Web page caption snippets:
:::

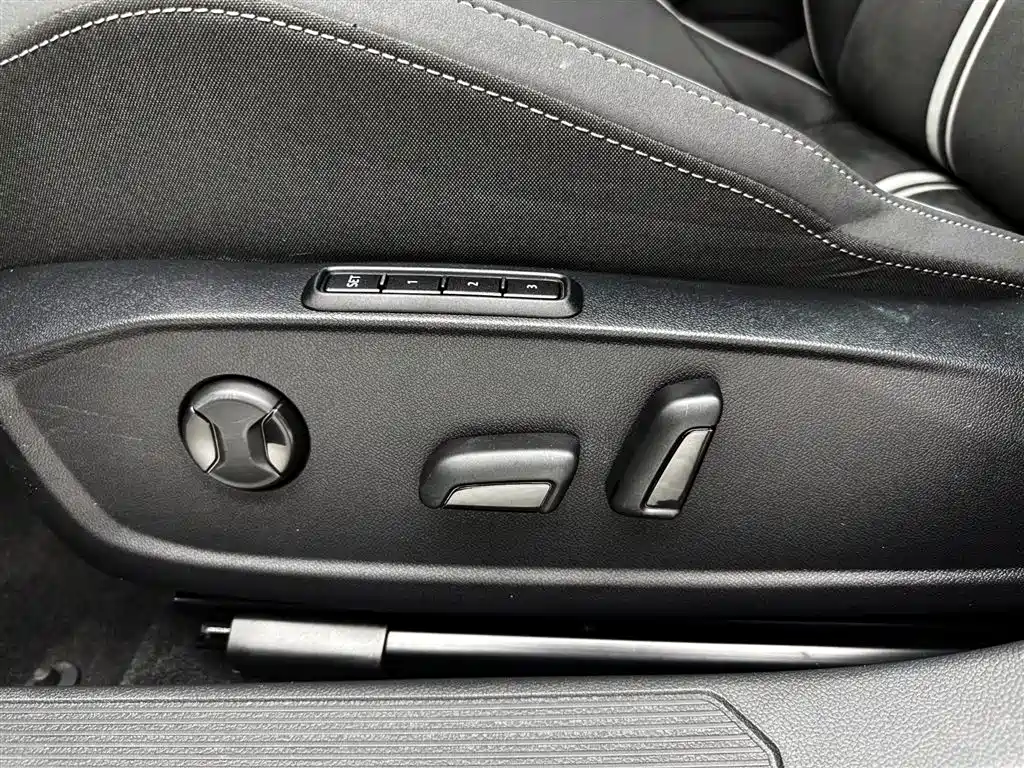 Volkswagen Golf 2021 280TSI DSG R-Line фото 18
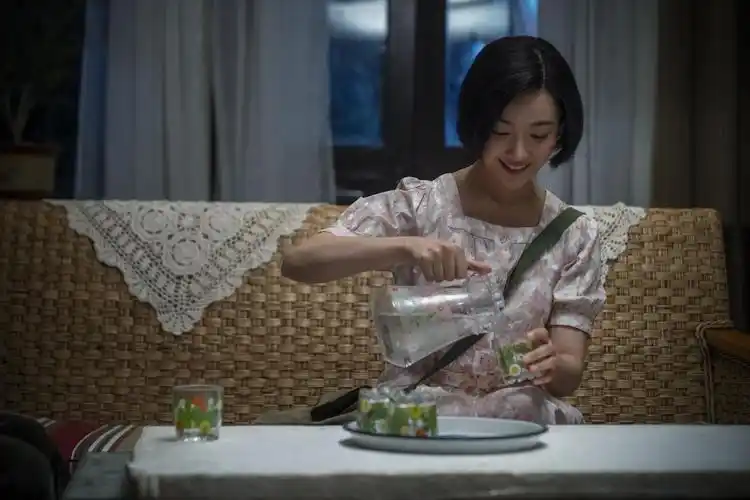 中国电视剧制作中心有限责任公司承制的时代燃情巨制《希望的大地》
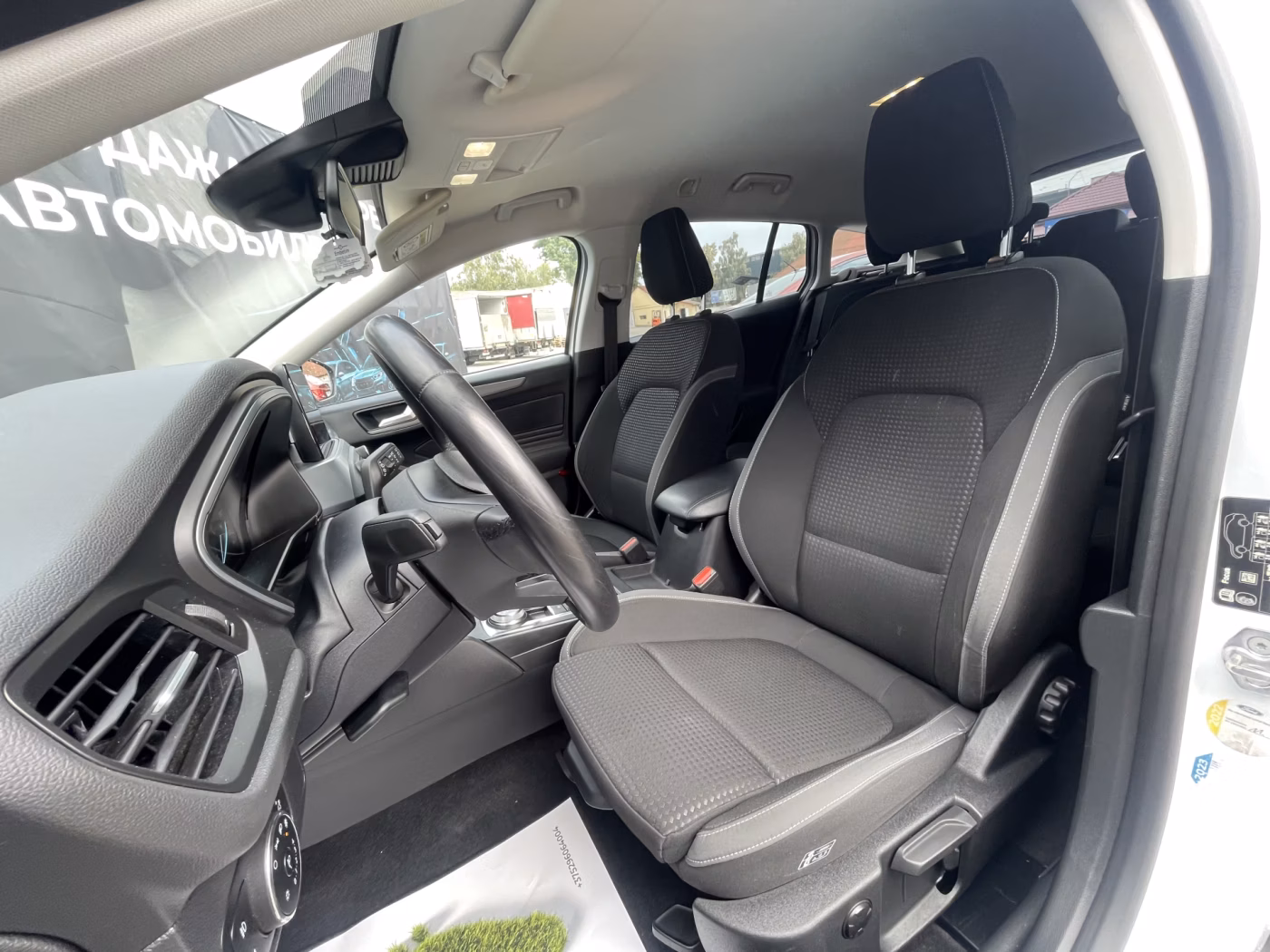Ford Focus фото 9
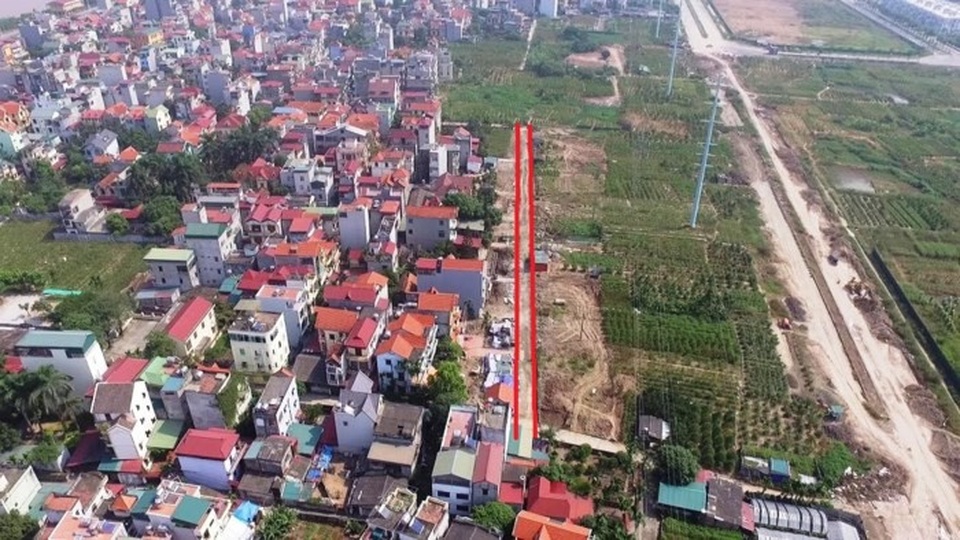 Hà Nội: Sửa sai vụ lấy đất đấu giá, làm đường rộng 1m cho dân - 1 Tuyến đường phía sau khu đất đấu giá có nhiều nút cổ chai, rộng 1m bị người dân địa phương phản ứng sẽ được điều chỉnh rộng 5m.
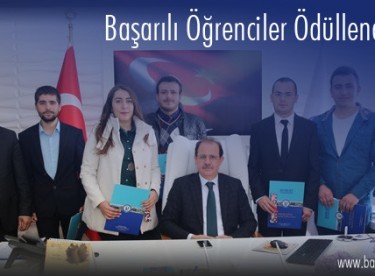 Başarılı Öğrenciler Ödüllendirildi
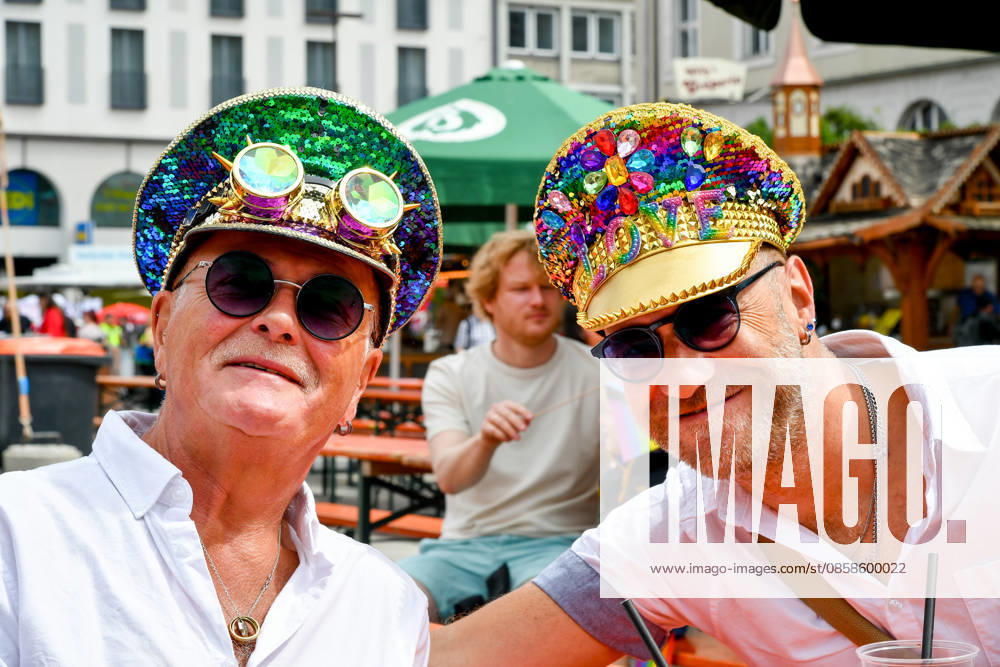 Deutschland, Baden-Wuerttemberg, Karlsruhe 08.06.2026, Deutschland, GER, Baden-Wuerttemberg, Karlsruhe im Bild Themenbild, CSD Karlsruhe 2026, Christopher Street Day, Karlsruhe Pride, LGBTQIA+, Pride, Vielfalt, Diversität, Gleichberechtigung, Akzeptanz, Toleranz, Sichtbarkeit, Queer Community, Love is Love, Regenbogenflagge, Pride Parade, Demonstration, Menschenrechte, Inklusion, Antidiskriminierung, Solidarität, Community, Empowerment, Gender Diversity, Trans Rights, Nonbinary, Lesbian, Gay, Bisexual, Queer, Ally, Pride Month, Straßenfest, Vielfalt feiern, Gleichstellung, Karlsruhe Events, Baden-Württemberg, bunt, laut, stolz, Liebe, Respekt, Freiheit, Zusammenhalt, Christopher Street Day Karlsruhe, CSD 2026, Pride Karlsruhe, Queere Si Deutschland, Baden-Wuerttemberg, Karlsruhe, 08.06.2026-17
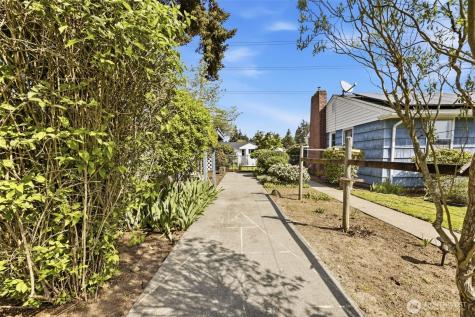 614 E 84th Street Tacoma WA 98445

:::

:: INSTRUCTIONS TO FOLLOW ::
Pictures are to be left out. Write out only the lines above starting at the one with "中国电视剧制作中心有限责任公司承制的时代燃情巨制《希望的大地》" and ending at the one with "Hà Nội: Sửa", both lines included, exactly.

:: YOUR SOLUTION ::
 中国电视剧制作中心有限责任公司承制的时代燃情巨制《希望的大地》
Ford Focus фото 9
 Hà Nội: Sửa sai vụ lấy đất đấu giá, làm đường rộng 1m cho dân - 1 Tuyến đường phía sau khu đất đấu giá có nhiều nút cổ chai, rộng 1m bị người dân địa phương phản ứng sẽ được điều chỉnh rộng 5m.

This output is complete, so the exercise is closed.